Otro tema es el del lenguaje inclusivo y el hablar en plural, una práctica a evitar porque supone asumir las responsabilidades propias del niño. «No se puede decir ‘tenemos un examen’, ya que no lo tiene el padre, sino el niño», indica Álava Sordo. «Si actuamos así, los niños se vuelven comodones porque saben que los padres van a asumir sus responsabilidades. Esto ocurre, por ejemplo, cuando los niños ya no apuntan los deberes en la agenda porque las madres acaban preguntando en el grupo de chat que hay para el día», relata la autora de «Queremos hijos felices. Lo que nunca nos enseñaron».«Es mejor que el alumno no haga los deberes o que los haga de forma errónea a que se los hagan los padres para que sea el profesor quien les corrija» (Fernández Guisado, presidente nacional de ANPE)

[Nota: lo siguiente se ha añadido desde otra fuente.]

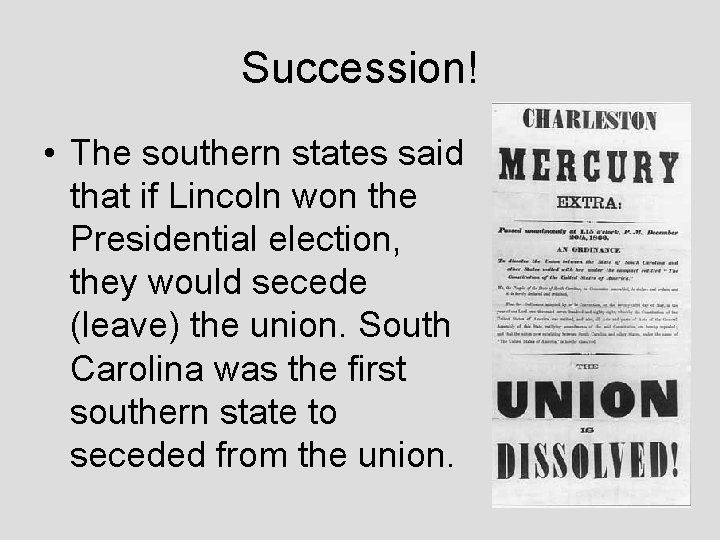 Succession! • The southern states said that if Lincoln won the Presidential election, they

Por su parte, el profesor Fernández Alonso aboga por dar de baja los grupos de chat de padres y madres donde se intercambia información sobre los deberes diarios. «Si un día se olvida el libro o no apuntó los deberes en la agenda, lo mejor es que los lleve sin hacer y se enfrente (sin mucho drama) al hecho de olvidar su responsabilidad», concluye.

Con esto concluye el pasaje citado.